America / Economy / Healthcare / Politics / Regulation / U.S. Domestic Policy / Uncategorized

Medical Device Industry Struggling to Navigate Red Tape

By: Jordan Kinghorn

The Committee on Energy and Commerce’s subcommittee on health had a field hearing today, September 26, in La Jolla, CA on the impact the FDA’s inconsistent, unpredictable, and obscure regulations are having on the medical device and drug industry. It is a major problem when project submission to the FDA is lengthy, unreasonable, and unpredictable. Clarity by the FDA on what is needed to approve a product is essential to the medical device industry.  In accordance with basic free-market principles, the more the federal government regulates, the higher the costs for a business to create new and innovative products and the lower the incentive for venture capitalists to invest due to the uncertainty that comes with navigating red tape.

As the witnesses at the hearing today testified, the new FDA regulations, in combination with the 2.3% excise tax on all new medical devices in the PPACA, have led to the off-shoring of medical device companies and have brought U.S. medical innovation to a halt.

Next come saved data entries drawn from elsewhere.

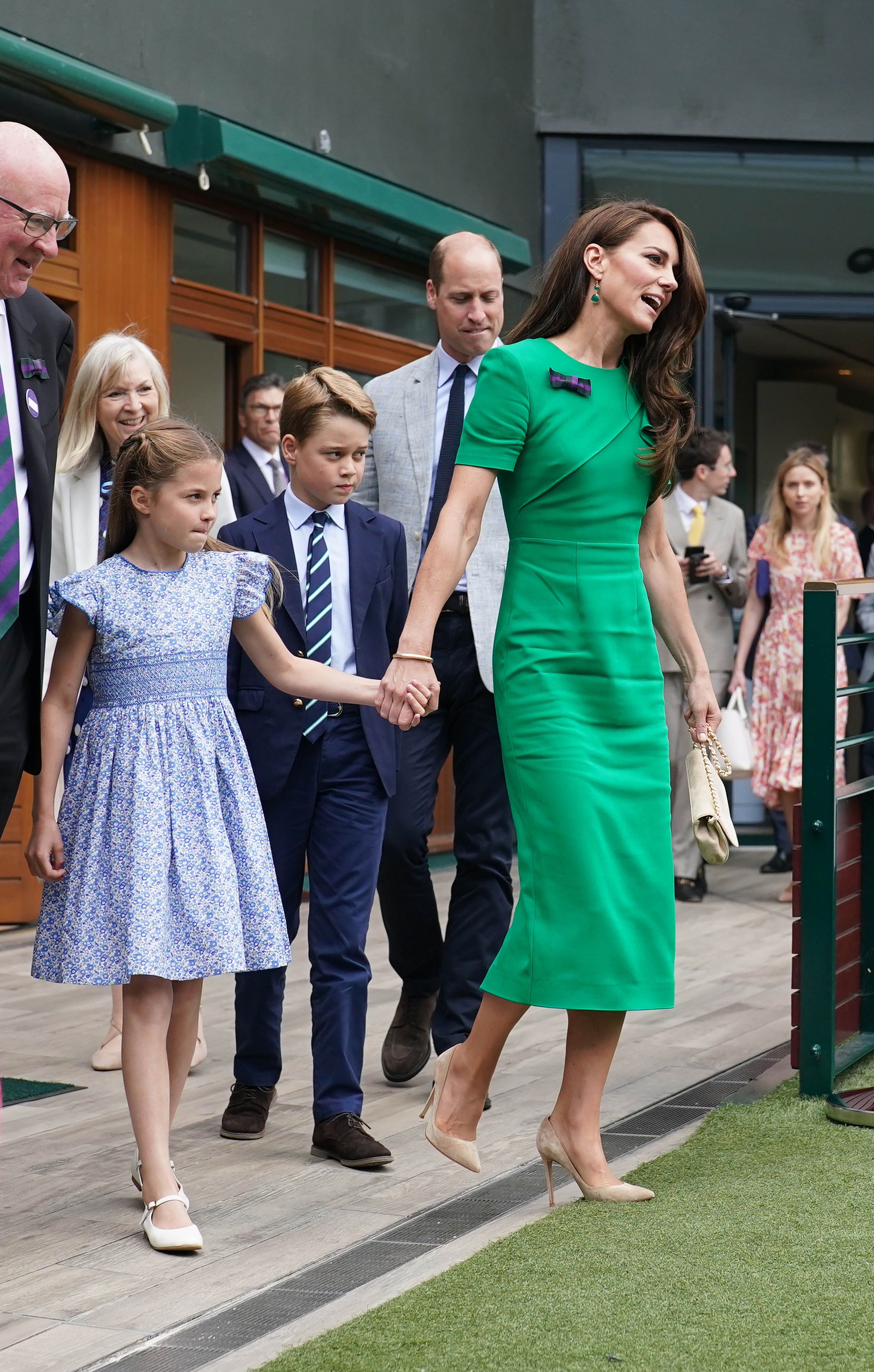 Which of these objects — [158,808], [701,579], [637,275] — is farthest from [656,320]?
[701,579]

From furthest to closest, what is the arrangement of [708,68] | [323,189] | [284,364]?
[708,68], [284,364], [323,189]

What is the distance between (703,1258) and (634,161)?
842cm

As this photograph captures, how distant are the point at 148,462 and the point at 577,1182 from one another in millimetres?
1633

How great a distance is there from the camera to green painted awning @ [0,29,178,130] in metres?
5.86

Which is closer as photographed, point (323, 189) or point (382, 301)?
point (323, 189)

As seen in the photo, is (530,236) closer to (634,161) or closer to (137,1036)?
(634,161)

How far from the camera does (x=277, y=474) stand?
711cm

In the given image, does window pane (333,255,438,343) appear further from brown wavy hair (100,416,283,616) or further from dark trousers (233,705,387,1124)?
brown wavy hair (100,416,283,616)

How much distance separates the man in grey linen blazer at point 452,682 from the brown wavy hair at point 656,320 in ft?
2.67

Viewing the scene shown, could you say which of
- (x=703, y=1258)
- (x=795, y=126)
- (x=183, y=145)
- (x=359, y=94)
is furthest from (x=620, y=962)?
(x=795, y=126)

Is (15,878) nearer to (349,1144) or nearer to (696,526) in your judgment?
(349,1144)

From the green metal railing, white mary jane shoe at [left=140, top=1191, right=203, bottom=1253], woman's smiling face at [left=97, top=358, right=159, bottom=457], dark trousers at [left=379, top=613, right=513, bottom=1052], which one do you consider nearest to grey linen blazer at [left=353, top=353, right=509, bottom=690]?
dark trousers at [left=379, top=613, right=513, bottom=1052]

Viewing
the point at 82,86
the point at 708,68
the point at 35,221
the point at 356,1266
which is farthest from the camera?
the point at 708,68

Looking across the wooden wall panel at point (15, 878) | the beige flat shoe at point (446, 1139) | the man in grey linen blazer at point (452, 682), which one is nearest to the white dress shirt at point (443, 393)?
the man in grey linen blazer at point (452, 682) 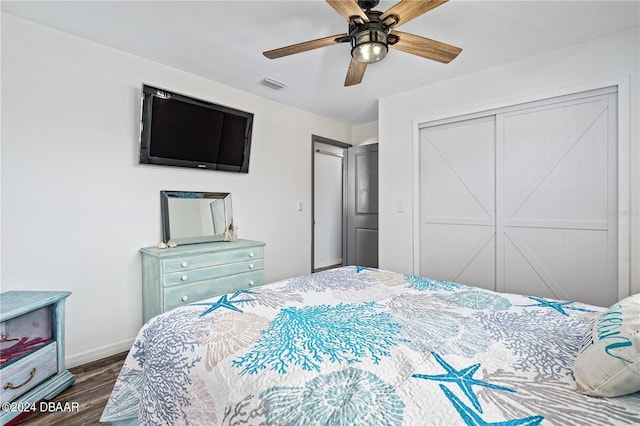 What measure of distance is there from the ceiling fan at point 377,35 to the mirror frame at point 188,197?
5.20 ft

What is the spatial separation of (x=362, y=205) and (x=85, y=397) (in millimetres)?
3637

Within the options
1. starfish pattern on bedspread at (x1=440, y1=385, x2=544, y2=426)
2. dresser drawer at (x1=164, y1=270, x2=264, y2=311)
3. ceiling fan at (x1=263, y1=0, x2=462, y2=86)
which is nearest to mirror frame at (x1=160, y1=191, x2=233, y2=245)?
dresser drawer at (x1=164, y1=270, x2=264, y2=311)

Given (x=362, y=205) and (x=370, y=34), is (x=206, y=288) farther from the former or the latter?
(x=362, y=205)

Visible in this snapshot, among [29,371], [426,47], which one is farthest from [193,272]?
[426,47]

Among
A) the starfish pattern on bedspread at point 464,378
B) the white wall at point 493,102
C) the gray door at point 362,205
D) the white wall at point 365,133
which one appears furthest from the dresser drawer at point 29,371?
the white wall at point 365,133

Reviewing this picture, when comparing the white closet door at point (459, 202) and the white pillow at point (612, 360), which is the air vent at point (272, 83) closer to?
the white closet door at point (459, 202)

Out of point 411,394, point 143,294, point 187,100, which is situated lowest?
point 143,294

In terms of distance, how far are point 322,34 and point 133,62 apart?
167 cm

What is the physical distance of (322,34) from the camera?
230 centimetres

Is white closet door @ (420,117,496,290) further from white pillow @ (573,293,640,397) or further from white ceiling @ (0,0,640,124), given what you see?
white pillow @ (573,293,640,397)

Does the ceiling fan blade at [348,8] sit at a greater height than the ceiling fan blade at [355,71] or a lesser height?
greater

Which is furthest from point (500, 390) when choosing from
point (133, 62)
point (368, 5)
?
point (133, 62)

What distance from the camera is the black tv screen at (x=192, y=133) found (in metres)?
2.57

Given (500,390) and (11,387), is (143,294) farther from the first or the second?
(500,390) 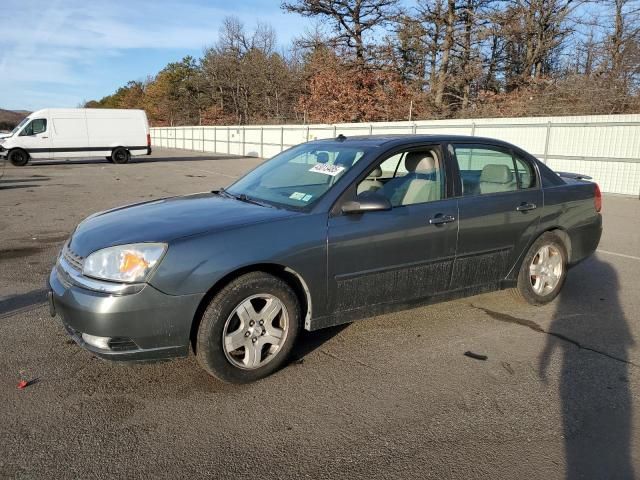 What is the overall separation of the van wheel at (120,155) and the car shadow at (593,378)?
23.9m

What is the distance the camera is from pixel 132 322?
117 inches

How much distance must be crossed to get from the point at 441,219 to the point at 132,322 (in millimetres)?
2392

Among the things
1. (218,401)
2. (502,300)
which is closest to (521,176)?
(502,300)

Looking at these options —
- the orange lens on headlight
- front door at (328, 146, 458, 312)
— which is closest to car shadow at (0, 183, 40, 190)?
the orange lens on headlight

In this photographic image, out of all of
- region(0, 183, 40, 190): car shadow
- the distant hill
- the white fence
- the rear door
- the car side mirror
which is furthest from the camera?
the distant hill

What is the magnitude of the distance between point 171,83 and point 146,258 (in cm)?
6968

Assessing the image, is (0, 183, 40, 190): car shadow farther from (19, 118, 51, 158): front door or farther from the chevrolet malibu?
the chevrolet malibu

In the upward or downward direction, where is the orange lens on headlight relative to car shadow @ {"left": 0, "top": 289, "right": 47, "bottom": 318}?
upward

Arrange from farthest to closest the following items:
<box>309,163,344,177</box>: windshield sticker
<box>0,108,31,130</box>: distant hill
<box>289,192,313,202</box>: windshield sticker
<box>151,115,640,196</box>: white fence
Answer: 1. <box>0,108,31,130</box>: distant hill
2. <box>151,115,640,196</box>: white fence
3. <box>309,163,344,177</box>: windshield sticker
4. <box>289,192,313,202</box>: windshield sticker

Medical device companies in the U.S. have had significantly fewer projects and some like NuVasive have reduced hiring by 15%. Global competitors are stream lining regulatory systems, thus drawing business to their shores. The U.S. must have laws and regulations that protect our innovative edge, not the other way around.

Why would congressional leaders target an industry that is so fruitful and produces 2 million high wage jobs and 26 billion in revenue? The medical device industry provides innovative products that lower the cost of health care while improving patient safety and well-being; the main goal of healthcare reform. Ultimately, the regulations and taxes of the FDA and PPACA are stifling the economy and harming patients; doing exactly the opposite of what they claim to accomplish.